In my thinking and speaking about race I have always tried
to be objective, but I think it is important to also be subjective. I have been
wanting to write about my personal experience in this racist world as a white
person, but been afraid to because most people that do that are racists. But I
think that by examining my own racism and experience I may be able to shed some
light on the motivations of racists in general. This idea is supremely
important to me because as long as the narrative is woke poor and middle-class
people versus racist poor and middle class people the establishment will
continue rakeing in cash while we’re busy fighting eachother. Ultimately the
poor and middle-class must come together and that means racism either must be
dealt with or eradicated, and it’s not ever going to be eradicated. Okay lets
get started (again)
I’m a white man of priviledge but unlike many like me I grew
up surrounded by black and brown people, some from an economic situation
similar to my own and many who were more poor. Mark me though, I said I was
surrounded by them but I did not grow up with them. Black people hung out with
black people, Latinos hung with Latinos, and whites with whites, with few
exceptions. Almost all my friends were white, and looking back I don’t think I
was ever in the home of someone from a lower economic class until after I
graduated college. I had one true friend in college who was black, but we mostly
just got drunk and talked about classical music (I went to music school), I
didn’t have a black friend with whom I actually talked about race until after I
graduated college and got a job in retail.
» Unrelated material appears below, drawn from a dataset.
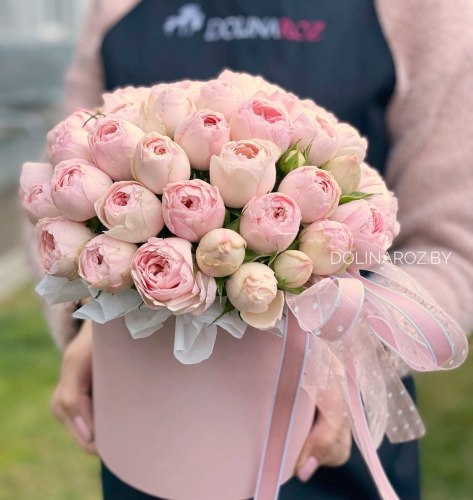 Цветы в коробке "Розовый рай" Кустовые розы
So issue one, it is incredibly easy
for a middle-class white person to go their entire life without ever really
knowing a thing about the lives of minorities or of the poor other than
whatever is said on the news.
Okay on to the important point, as a white person surrounded
by white people taught by mostly white people we still learn a lot about
racism, in school and in life. We learn what words you can say, which you can
say but probably shouldn’t, and the word you should never ever say. We learn which
opinions are racist, we learn what parts of our history are racist and which
are okay, so on and so forth. But white people never engage with racism, we do
not examine and parse racist opinions, we ignore them, or re-word them so they
don’t sound racist anymore. We learn to have some radar for racism and we shut
people down when we sense racism from them, we shut ourselves down when we know
that what we have to say sounds racist, or is racist. BUT THAT DOESN’T MAKE THE
RACISM GO AWAY. Being scared to talk about it just lets it fester within us, and
that fester produces anger. We find ourselves in a situation where hearing
racism feels like a release because it’s been bottled within us for so long,
where we forgive hate speech because we are so hungry for honesty.
Finally, I think it’s important to realize that many white
people feel persecuted. We didn’t enslave anyone, we didn’t support Jim Crow,
and when you feel like you’re struggling the last thing you want to talk about
is your priviledge. This is racial guilt, passed onto us by our fathers. Do we
deserve this guilt? I don’t know, that sounds like a philosophical question.
But that’s the thing about guilt, it doesn’t matter if you deserve it, or if it’s
rational, it exists. This guilt is definitely rational, I don’t know if we
deserve it (like I said, get philosophical), it is definetly a burden which we
must bear. Does that make you angry? , be glad you don’t have the burden of a
black face, a black body which is so feared and distrusted. Everyone knows that
it’s more obvious what you can’t have than what you do have. White people can’t
use some words, white people can’t express certain opinions or if they do they
have to bend over backwards to say it in an appropriate way. I’d guess that
most white people deal with this internally at least once a day. Meanwhile we
generally fail to notice the special treatment we get in public, by law
enforcement, in the job market and everywhere else; we’ve always gotten it, it’s
like noticing the nose on your face.